§ **Try it**
Output every line below exactly, please, omitting pictures.

§ **Given information**

----

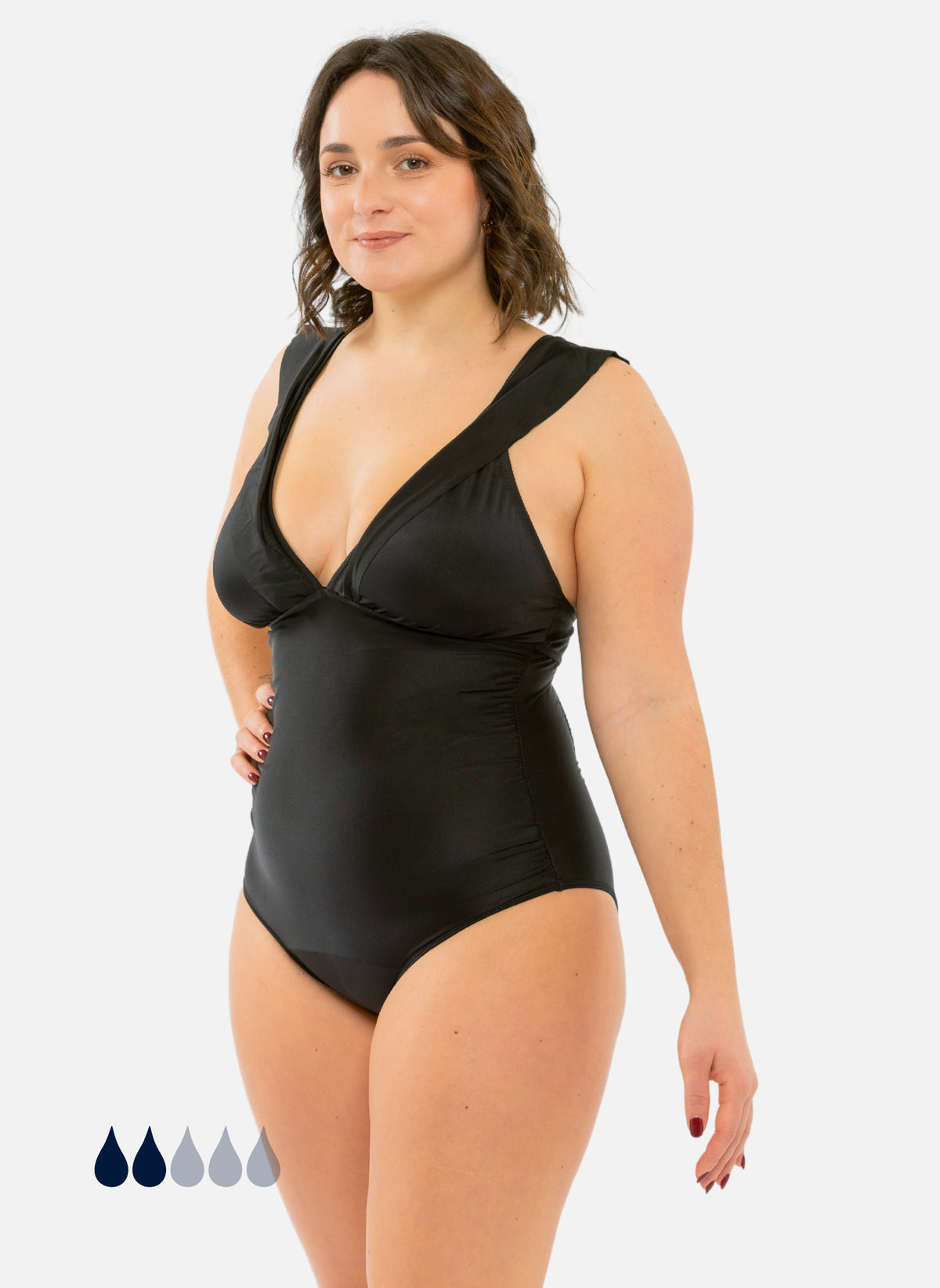 SORIO Maillot De Bain Menstruel 1 Pièce Femme & Ado - Stella, Bretelles Ajustables, Flux Léger à Modéré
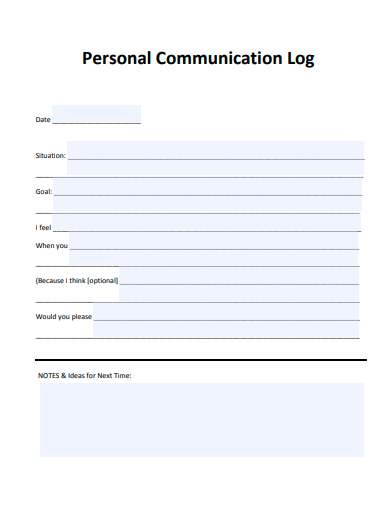 personal communication log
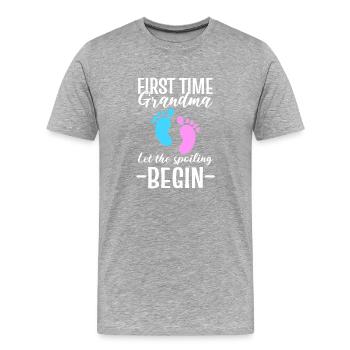 First Time Grandma Let The Spoiling Begin Oma - Männer Premium Bio T-Shirt - Grau meliert - Vorne - Damien (186cm)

----

§ **Task output**
 SORIO Maillot De Bain Menstruel 1 Pièce Femme & Ado - Stella, Bretelles Ajustables, Flux Léger à Modéré
 personal communication log
 First Time Grandma Let The Spoiling Begin Oma - Männer Premium Bio T-Shirt - Grau meliert - Vorne - Damien (186cm)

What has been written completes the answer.